Originally published January 2010

Back in 1985 I was a newly single mother of two small daughters. I had to find a way to support myself so I went back to the restaurant that I worked at when I first moved to Simi Valley. I am not one to feel regret but I know that taking a job as a waitress again made me feel as thought I’d failed myself somehow. It turned out to be one of the best moves of my life. Alphys Restaurant is where I met John, my husband of more than twenty years.

Our first meeting, however, gave me no indication we would be spending the rest of our lives together.

When I went in to ask for a job the female manager hired me to work the graveyard shift. Desperate, I took the job. I also figured I would be able to spend the day with my girls and work while they were asleep. I am not a night person, and after that first shift came to an end I approached the night manger and said, “You can fire me if you want to, but I’m not working graveyard again.” That took courage; I needed the job but there is something inside of me that knows how to take care of myself. I didn’t get fired and began working right away on day and evening shifts.

That night manager was a young kid by the name of John. I must have made quite an impression on him that night: first I dare him to fire me, than I lock my keys in my car and had to enlist his aid in getting them out. Over the course of the next few months John and I got to know one another but nothing indicated we would be more than boss and employee. In fact, I didn’t really like him much at first.

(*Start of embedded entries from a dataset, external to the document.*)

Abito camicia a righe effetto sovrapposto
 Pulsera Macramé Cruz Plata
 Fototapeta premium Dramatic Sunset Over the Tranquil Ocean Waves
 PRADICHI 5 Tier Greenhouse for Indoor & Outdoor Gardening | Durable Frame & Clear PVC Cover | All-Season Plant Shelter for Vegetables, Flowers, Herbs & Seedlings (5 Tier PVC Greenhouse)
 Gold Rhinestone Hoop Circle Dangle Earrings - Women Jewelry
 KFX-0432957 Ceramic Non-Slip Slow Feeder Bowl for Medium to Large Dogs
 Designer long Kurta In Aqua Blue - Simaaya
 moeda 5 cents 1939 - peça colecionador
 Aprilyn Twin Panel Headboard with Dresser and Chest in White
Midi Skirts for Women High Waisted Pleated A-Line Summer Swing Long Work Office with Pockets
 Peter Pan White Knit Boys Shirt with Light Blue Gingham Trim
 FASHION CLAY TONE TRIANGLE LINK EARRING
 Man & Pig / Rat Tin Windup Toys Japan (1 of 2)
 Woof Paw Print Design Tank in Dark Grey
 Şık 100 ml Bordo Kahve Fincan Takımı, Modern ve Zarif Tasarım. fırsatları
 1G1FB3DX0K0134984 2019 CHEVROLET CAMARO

He was pretty cocky and I just didn’t have the time or the humor to find him amusing. He would pull a comb out of his back pocket, run it through his thick wavy hair and point outside and say, “See that Porsche (it was a 1966 model) out there? It’s mine.” Puhleeze! Yeah, John thought he was pretty hot stuff back then. If I’d thought he was a romantic prospect, I am pretty sure I would not have been all smart-alecky with him, but to me he was just a kid. I was all of 27-years-old, you see, with kids to support and he was just a 23-year-old with no worries in the world.

I think I can pretty much guess when I caught his attention, though. It was a busy time in the restaurant and while John was holding court with all the cute little waitresses that hovered around him, I whisked by and said to him, “Hey, there’s people at the door that need to be seated.” A few moments later I was summoned to the back office where Mr. Manager reprimanded me with a “don’t talk to me like that” scolding. I shot back at him, saying that if I’m busy and I see he’s not, well then he needed to take care of the customers. See, I saw him as a kid and not necessarily as my boss. Told you – guts!

Once again I was spared from being fired. Soon after, a flirtation between the Kid and me began. We would talk and he’d tell me about some of his failed relationships; I played the advisor telling him he should ask this waitress or that one out on a date. He would look into my eyes and tell me how beautiful they were. I wasn’t affected at first but I remember saying to him, “It may be on the shelf, but it’s not dead. Stop flirting with me!” “It” referred to my dormant desires; I think I had a pretty explicit dream about him, which stirred some feeling I didn’t have the time to attend to.

Tell a young, cocky kid that you are having dreams and that he’s getting under your skin, and then tell him to leave you alone; it’s the ultimate game of going after someone who is playing hard to get. But, I swear, I didn’t have an agenda in mind, I really wanted to concentrate on getting my life in order.

He asked me out. I said yes. The rest is history.

This February is the 25th anniversary of our first date. We are going back to Miceli’s, an Italian restaurant in Los Angles where we ate, where I opened up to him about my life in a way I’d never done with anyone before. After dinner he took me to the beach where I had to initiate the first kiss. When we got back to my house I opened up even more, something I had also never done before on a first date. He never really went home after that first night.

There were a lot of “firsts” that took place for me because of John. Two decades later and we are still discovering one another. I don’t know what I did right but I am one of the luckiest people in the world and I owe so much of it to the Kid who married me.